### Given information
┌────────

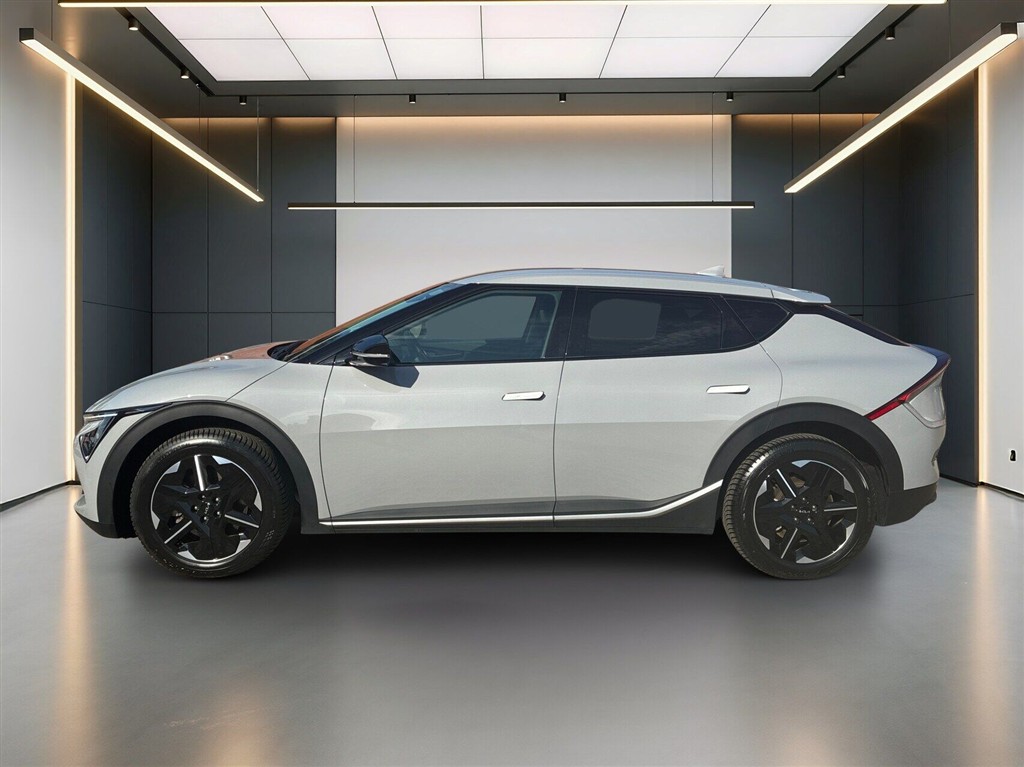 Kia EV6 Long Range Prestige billede 2
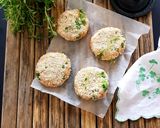 A picture of step 15 of Fish Cakes.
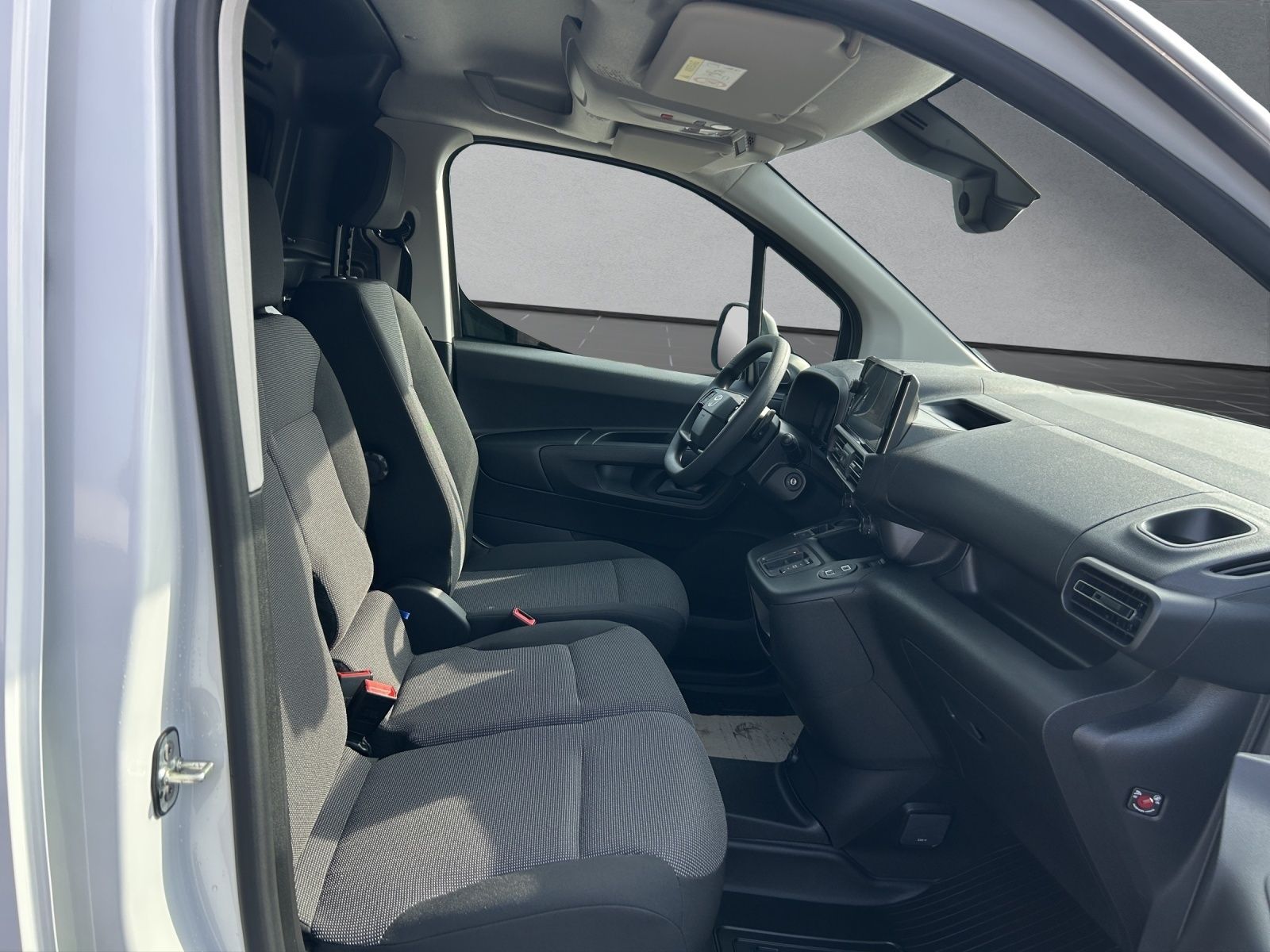 Toyota Proace City - Bild 16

└────────

Except for the pictures, the whole listing above should be transcribed exactly.

### Response to this exercise
 Kia EV6 Long Range Prestige billede 2
 A picture of step 15 of Fish Cakes.
 Toyota Proace City - Bild 16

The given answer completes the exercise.